Hope says grieving around the holidays can be difficult because most people expect you to be happy.
For Amy, she has drawn a lot of her strength from her faith. She says Sierra would not want to see her stop enjoying her life.
“I have a different take on holidays. Even though I love them, and I still love them and I’m so thankful for all of my friends, for all of my blessings I still have,” Amy said.
Hope says it’s important that you set realistic expectations, adding that working on ways to work through the emotional turmoil is key.
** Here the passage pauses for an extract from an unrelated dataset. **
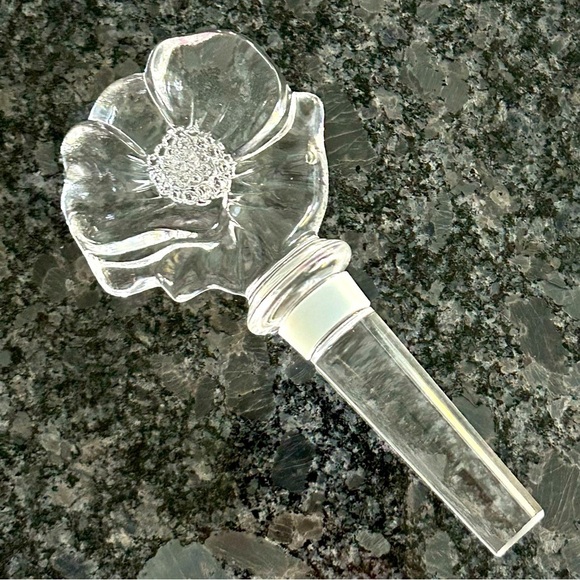 MIKASA Vintage Floral Poppy Crystal Clear Wine bottle stopper flower Like new - Picture 1 of 10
“You have to allow yourself to feel those strong emotions. You have to acknowledge, ‘Yes, this is not like the other holidays, this is going to be very difficult,”’ Hope said.
A process that Amy continues to work through.
“For 23 years I was Sierra’s mom, and then to have such a horrible tragedy happen and not really know where to turn or who am I now?” Amy said.
Some days are harder than others for Amy, but she says it all comes down to mindset.
“I do have sadness, and those are normal human emotions, but being miserable is a choice,” Amy said.
Amy says she’s choosing not to be miserable on Christmas, adding that grief is not chronological and it’s part of the healing process. She says unfortunately, we can’t change what has happened.
“But we don’t have to be what has happened to us, what has happened to us does not have to define us,” Amy said.
Amy’s nonprofit Sierra’s Sanctuary has a group called Healing Hearts for anyone struggling.
NAMI also offers support groups run entirely by people dealing with mental health issues.